Mereka bekerja tanpa bayaran, bahkan harus merogoh kocek sendiri untuk mengikuti program sukarela tersebut, dan menanggung biaya sewa penginapan sekitar Rp600 ribu per malam di Samboja Lodge, penginapan asri di kawasan konservasi itu.
"Besok adalah hari terakhir saya," kata Angela, yang pada Kamis (28/4) sudah dua minggu berkutat dengan kegiatan rehabilitasi orangutan.
"Benar-benar pengalaman luar biasa bisa merasa dekat dengan orangutan. Saya senang bisa berada di sini, bekerja macam-macam," ujarnya.
Sementara Maggie (62) datang ke Samboja untuk mewujudkan mimpinya bersama sang suami bertahun-tahun silam.
"Kami punya mimpi bersama-sama menjadi sukarelawan di sini, tetapi dia meninggal tiga tahun lalu akibat kanker. Tetapi saya tetap berusaha menghidupkan mimpi kami berdua. Dan saya ada di sini sekarang," katanya dengan mata berkaca-kaca.
Kalau rata-rata sukarelawan hanya bekerja dua pekan dengan BOS, Maggie memilih tinggal lebih lama, satu bulan.
Bagi perempuan yang di negara asalnya, Inggris, sehari-hari bekerja sebagai petani itu, pekerjaan di tempat rehabilitasi orangutan bukan hal yang sulit.
"Kadang lucu, kami butuh waktu lama untuk menyiapkan makanan mereka tetapi mereka menikmatinya hanya dalam sekejap.

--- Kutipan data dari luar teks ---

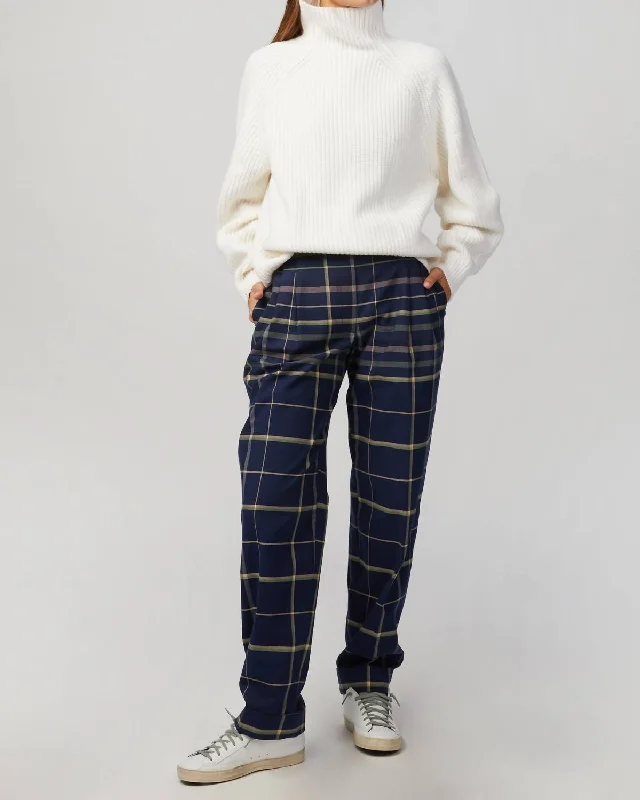 Laia Pants In Tartan Navy Women's Transitional Apparel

Tetapi itu menyenangkan. Saya masih kuat," ujarnya.
Bekerja di Samboja membuat dia merasa lebih dekat dengan spesies kera besar yang hidup di hutan tropis. Dan orangutan bernama Koprol, yang tidak bisa dilepasliarkan karena cacat, telah mencuri hatinya.
"Dia cacat tidak punya tangan karena tersetrum. Pemiliknya sempat ingin membunuhnya tetapi kemudian dibawa ke sini. Dan yang terjadi saat dia berada di hutan, dia langsung memanjat pohon menggunakan kakinya," tutur Maggie, yang terharu mendengar kisah si Koprol.

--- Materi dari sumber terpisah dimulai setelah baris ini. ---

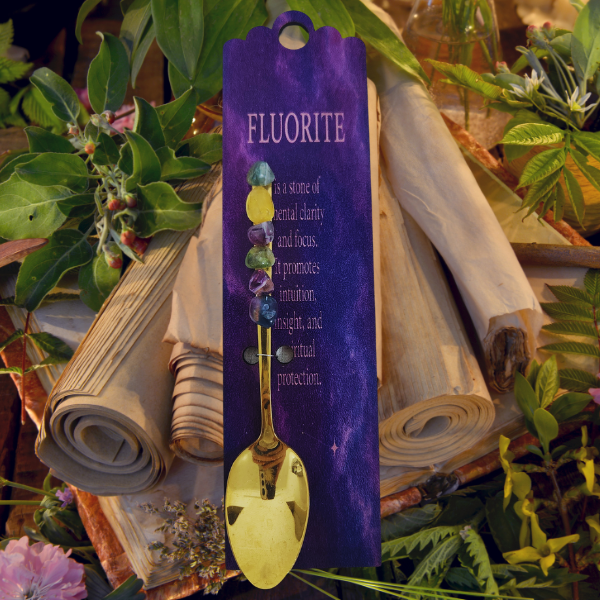 Golden Altar Spoon with Fluorite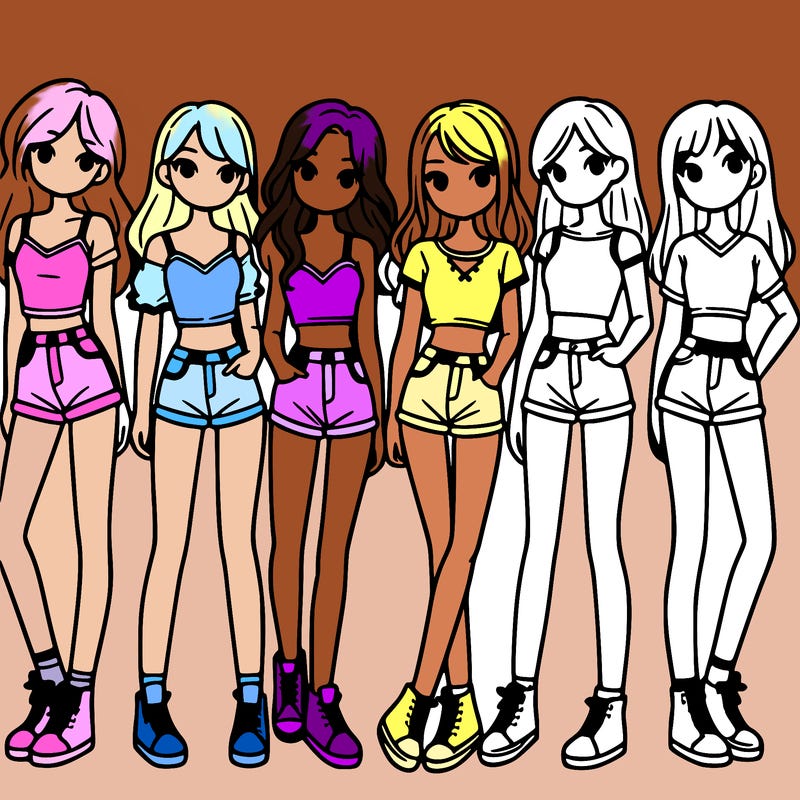 a group of girls wearing crop tops and shorts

"Saya sangat terkesan dengan dia, dengan semangatnya meskipun sudah tidak mempunyai tangan. Dia juga pintar. Maka setelah pulang dari sini, saya memutuskan akan tetapi memberi donasi untuk dia," katanya.
Ia berharap orangutan-orangutan lain di kawasan konservasi itu bisa dilepasliarkan kembali ke habitat alami mereka dan hidup dengan nyaman.
Dukungan Relawan
Koordinator Samboja Lodge Fiska Oktorina mengatakan keberadaan program sukarelawan cukup membantu pekerjaan 80 teknisi orangutan di kawasan konservasi.
Pemasukan uang dari para sukarelawan, menurut dia, juga menambah sumbangan dana untuk membiayai kebutuhan sehari-hari orangutan di sana.
"Mereka bekerja sesuai kebutuhan, tetapi mereka tetap bayar untuk menginap di Samboja Lodge yang merupakan bagian dari donasi untuk orangutan," jelas Fiska.
Menurut Fiska program sukarelawan itu sudah lama dibuka oleh Yayasan BOS. Peminatnya kebanyakan masih orang-orang asing.
"Kami pernah tutup sementara program ini, baru mulai tahun 2014 dibuka lagi bekerja sama dengan The Great Project," ujarnya.
Mereka yang ingin menjadi sukarelawan, terlebih dulu harus menjalani pemeriksaan kesehatan untuk memastikan mereka tidak menularkan penyakit ke orangutan.
Di kawasan konservasi yang dibangun tahun 1991 itu, Yayasan BOS merehabilitasi 206 orangutan.
Mereka melatih orangutan-orangutan tersebut agar memiliki keterampilan yang dibutuhkan untuk bertahan hidup di alam liar. Orangutan rata-rata membutuhkan waktu sepuluh tahun sampai siap dilepasliarkan ke alam liar.
Yayasan BOS telah melepasliarkan 41 orangutan di Hutan Muara Wahau, Kutai Timur, sekitar 20 jam perjalanan menggunakan kendaraan dari Samboja.
BOS menyewa hutan seluas 86.000 hektare dari pemerintah untuk melepasliarkan orangutan, mengembalikan orangutan ke rimba habitat mereka.